Custom partitioner for S3 Sink Connector

Hi everyone.

I’m working with Kafka S3 Sink Connector. But the partitioner provided by default didn’t meet up our requirements. Therefore, I have to write a custom partitioner.
After pulling and building a custom partitioner from github: Kafka Connect Field and Time Based Partitioner , I copied the jar file to location /usr/share/confluent-hub-components/confluentinc-kafka-connect-s3/lib, restarted the confluent local services, and registered the s3-sink-connector.
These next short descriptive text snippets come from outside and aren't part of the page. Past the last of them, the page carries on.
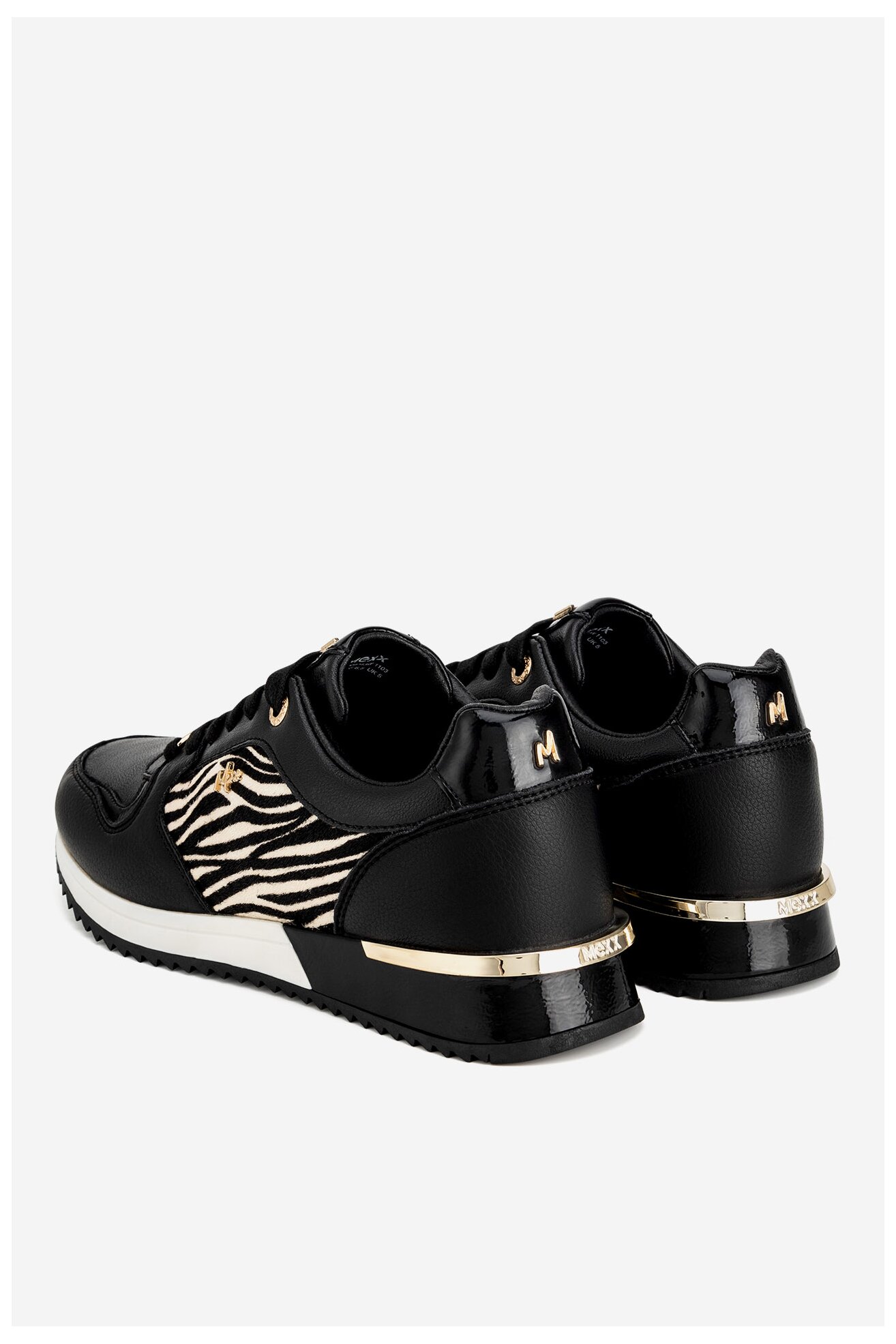 Sneakers Mexx MI001008343W Czarny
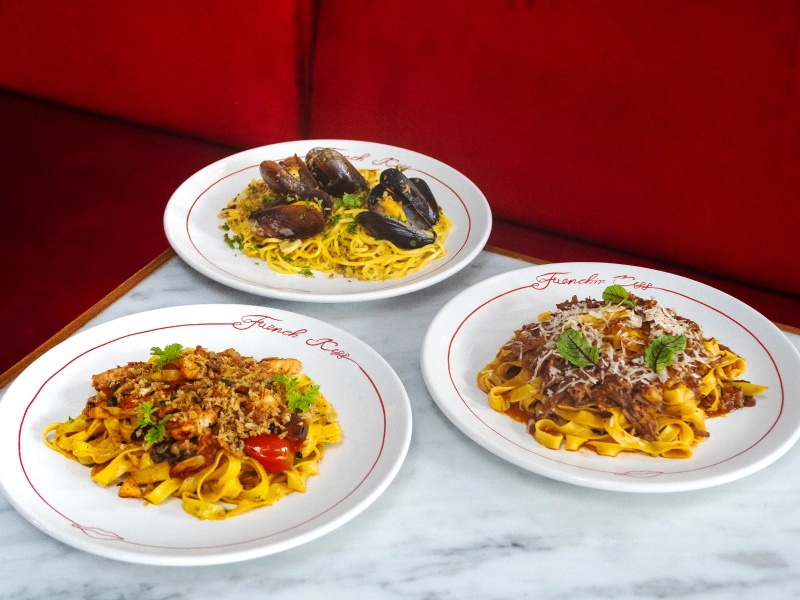 Bonjour… It’s Pasta Time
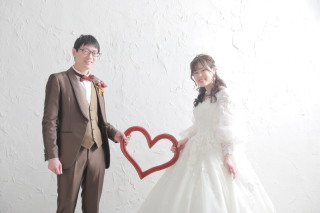 ハートと一緒に♡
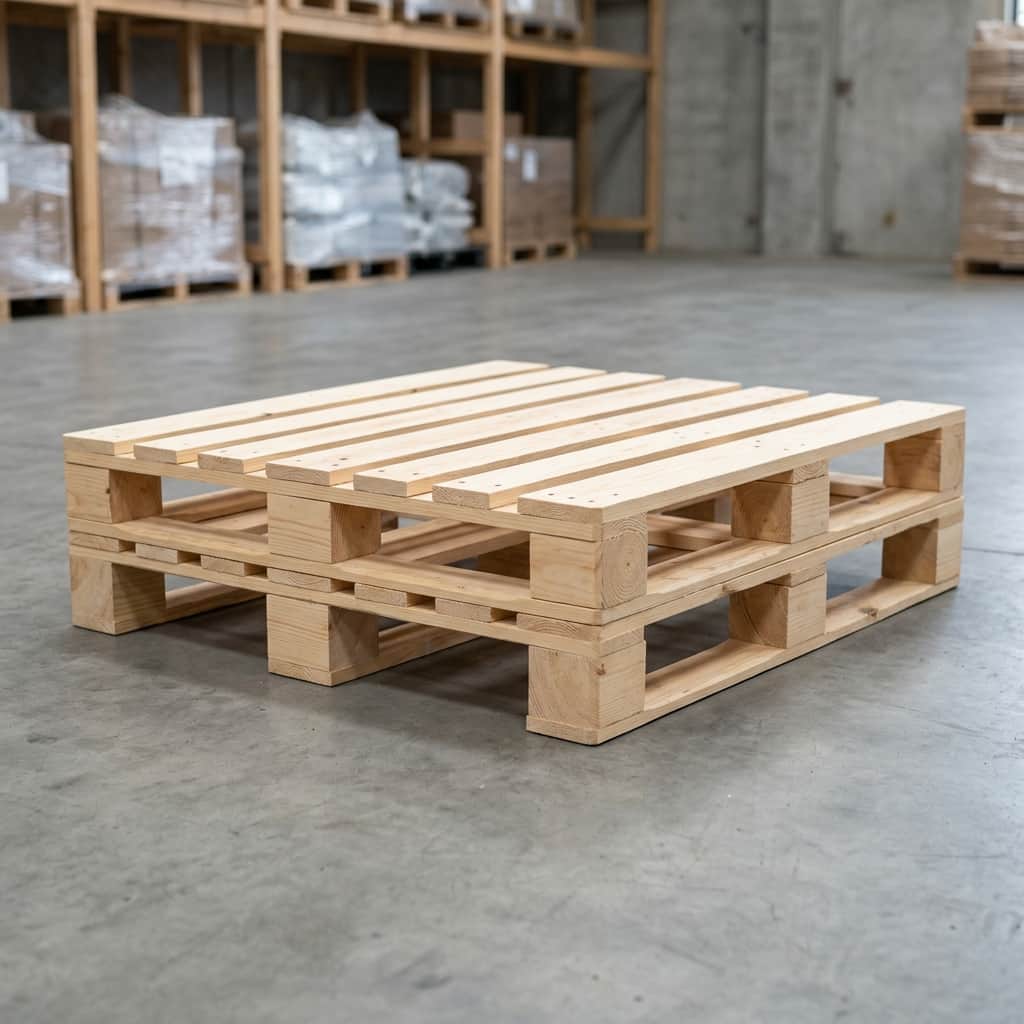 Pallet 4 chiều nâng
But it returned {"error_code": 500, "message": null}. More detail about the problem:

  1. connect 's log:
[2022-01-14 15:52:40,130] ERROR Uncaught exception in REST call to /connectors/ (org.apache.kafka.connect.runtime.rest.errors.ConnectExceptionMapper:61)
java.lang.NullPointerException
	at io.confluent.connect.storage.partitioner.PartitionerConfig.classNameEquals(PartitionerConfig.java:304)
	at io.confluent.connect.storage.partitioner.PartitionerConfig.access$000(PartitionerConfig.java:33)
	at io.confluent.connect.storage.partitioner.PartitionerConfig$PartitionerClassDependentsRecommender.visible(PartitionerConfig.java:249)
	at org.apache.kafka.common.config.ConfigDef.validate(ConfigDef.java:644)
	at org.apache.kafka.common.config.ConfigDef.validate(ConfigDef.java:652)
	at org.apache.kafka.common.config.ConfigDef.validate(ConfigDef.java:560)
	at org.apache.kafka.common.config.ConfigDef.validateAll(ConfigDef.java:543)
	at org.apache.kafka.common.config.ConfigDef.validate(ConfigDef.java:525)
	at org.apache.kafka.connect.connector.Connector.validate(Connector.java:144)
	at org.apache.kafka.connect.runtime.AbstractHerder.validateConnectorConfig(AbstractHerder.java:465)
	at org.apache.kafka.connect.runtime.AbstractHerder.lambda$validateConnectorConfig$2(AbstractHerder.java:365)
	at java.base/java.util.concurrent.Executors$RunnableAdapter.call(Executors.java:515)
	at java.base/java.util.concurrent.FutureTask.run(FutureTask.java:264)
	at java.base/java.util.concurrent.ThreadPoolExecutor.runWorker(ThreadPoolExecutor.java:1128)
	at java.base/java.util.concurrent.ThreadPoolExecutor$Worker.run(ThreadPoolExecutor.java:628)
	at java.base/java.lang.Thread.run(Thread.java:829)
  1. Connector registration request
POST  http://127.0.0.1:8083/connectors/

{
    "name": "s3-sink",
    "config": {
        "connector.class": "io.confluent.connect.s3.S3SinkConnector",
        "tasks.max": "10",
        "topics": "xxxxxxxxx",
        "s3.region": "xxxxxxxx",
        "s3.bucket.name": "xxxxxxxxx",
        "s3.part.size": "5242880",
        "flush.size": "10",
        "storage.class": "io.confluent.connect.s3.storage.S3Storage",
        "format.class": "io.confluent.connect.s3.format.json.JsonFormat",
        "schema.generator.class": "io.confluent.connect.storage.hive.schema.DefaultSchemaGenerator",
        "schema.compatibility": "NONE",
        "name": "s3-sink",
        "key.converter":"org.apache.kafka.connect.storage.StringConverter",
        "value.converter":"io.confluent.connect.avro.AvroConverter",
        "value.converter.schema.registry.url":"http://127.0.0.1:8081/",
        "partitioner.class": "com.canelmas.kafka.connect.FieldAndTimeBasedPartitioner",
        "partition.field.name":"ecomPlatform,customerId",
        "partition.duration.ms" : 86400000,
        "path.format": "'year'=YYYY/'month'=MM/'day'=dd",
        "locale" : "US",
        "timezone" : "UTC"
    }
}
  1. Platform: Confluent Community for Ubuntu 20.04

I really appreciate your support.

You seem to be missing timestamp.field, which is used for partitioning on time

1 Like

This topic was automatically closed 30 days after the last reply. New replies are no longer allowed.